Hacker Newsnew | past | comments | ask | show | jobs | submitlogin
How to scrape anything on the web and not get caught (tinyendian.com)
184 points by karolmajta on April 21, 2018 | hide | past | favorite | 55 comments


That's a very low-quality article, in my opinion. It takes an entire article to show how to use a simple tool and how to fetch a list of proxies, uses Makefile when a shell script would do just fine, and exaggerates the title.


In addition, it does nothing to mitigate even remotely significant scrape detection. Doesn't talk about request fingerprints, patterns, user agents and headers, multi region access, etc.

This is a hobbyists' guide to scraping under the radar. Fine at that scale but quite incomplete for anything remotely mature or wide reaching.


Same thoughts. Sadly we live in world when it is good enough to get recruiters' attention. Some time ago there was a post on HN about some bullshit like "everyone should have a blog".

Do you know any professionals with exceptional experience that is being shared on their blogs? For example, if someone is interested in .NET I can recommend this one: https://www.wiktorzychla.com


I came here to make this same comment. This article barely begins to scratch the surface on this topic. Effective, high volume scraping involves more than just rotating through a list of proxies.

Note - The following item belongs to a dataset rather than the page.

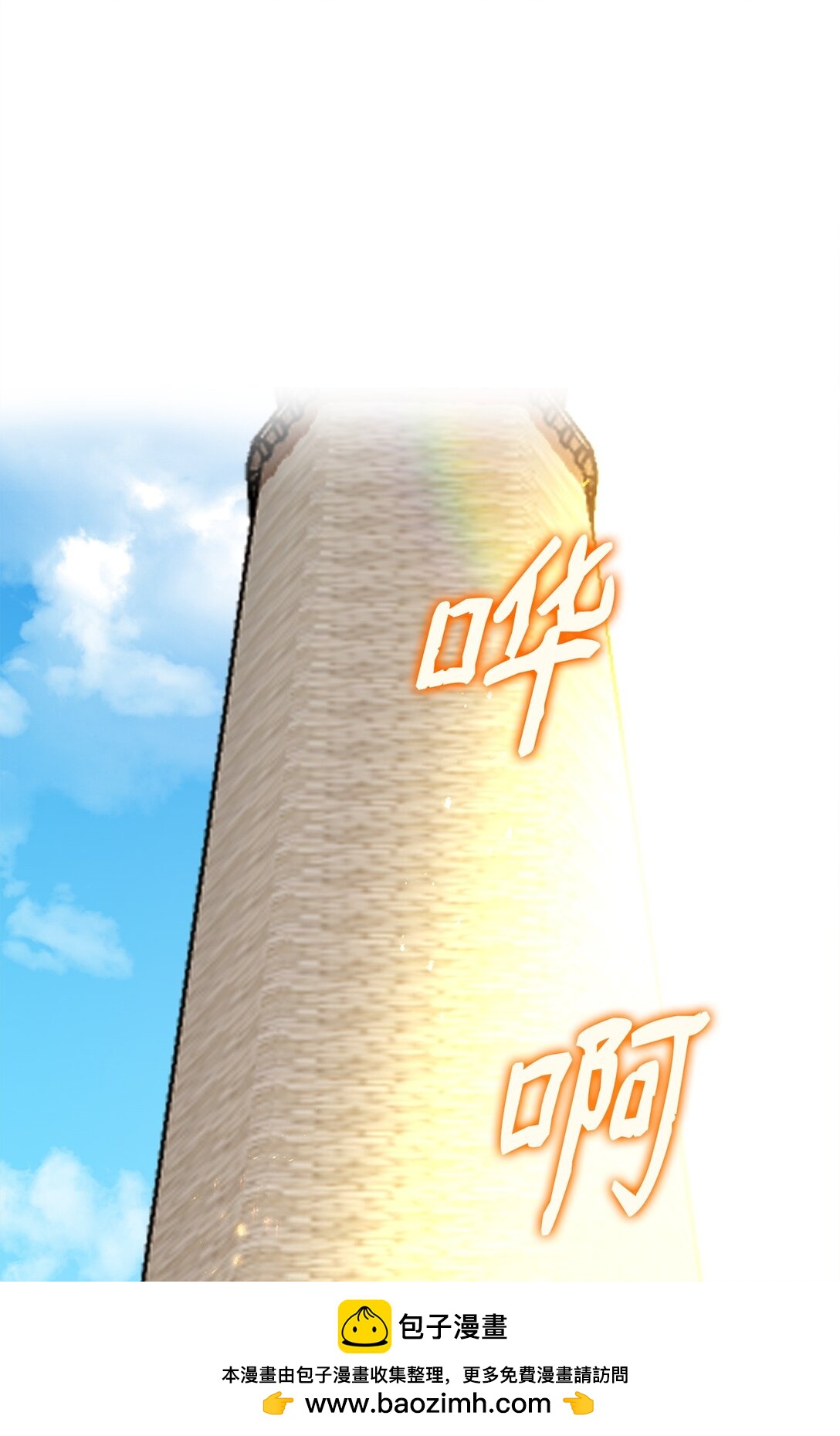 34 开天任务完成(1/2)-第34话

I do web crawling for a living, the method mentioned in the article does not work for most sites


I've been working on a project that requires scraping from a large number of sites. Do you have any recommendations on better resources?


Do most sites have scraping detection at all? Are they even opposed to scraping?


On a website I'd written we had pseudo-randomly generated URLs to show dynamic content (it was a game, the URL contained parameters). On each page we had this little widget that included five random configurations people might like to try.

A few times our website went down due to the load going >30, eventually I discovered Google was doing something funky, adding the dynamic domains to the "robot.txt" file fixed the issue. Then some other search engines / scrapers seemed to run into the same issue and started requesting hundreds of thousands of URLs per day (these pages were dynamically generated and took a moderate amount of compute power).

We eventually did have to implement basic anti-scraper rules because it was degrading the user experience.


Careful. Using open proxies could be considered unauthorized access in some jurisdictions. Some of these proxies were installed without the user's permission.

This is my favorite consensual alternative: https://github.com/mattes/rotating-proxy


This solution will not work with HTTPS. There are other alternatives and it's easy to roll your own.


For example?


Some time ago I was looking for an apartment to buy. Sites in my country are bloated and terribly slow. Checking several offers took minutes. Moreover I live in a city where good offers are sold the same day they are published.

I decided to run scrapper to fetch all the data about available apartments in my city. Thanks to that I was able to browse offer at speed of tinder. It took me a few hours to write all the stuff, it saved me probably weeks.

To avoid getting caught I decided to setup TOR on my raspberry pi and use it as a proxy. It was extremely easy and reliable. Sites were so slow I didn't notice significant performance drop. I didn't care about changing proxies because TOR made it for me.

Except that it is good idea to change User-Agents and add some random delays between calls. Luckily for this case it was enough.


I had to scrape past an access limit per IP once, and just went with IPv6 addresses, of which IPv6 users have plenty. (This was almost five years ago, so it's conceivable that some services would have wisened up a bit and block the entire IPv6 block now.)


>after introducing proxies my crawl times grew by an order of magnitude from minutes to hours

Yeah, same experience. Right now I use luminati.io datacenter IPs that work ok, anyone know of a cheaper option that works well? Scraping tens of millions of pages a month.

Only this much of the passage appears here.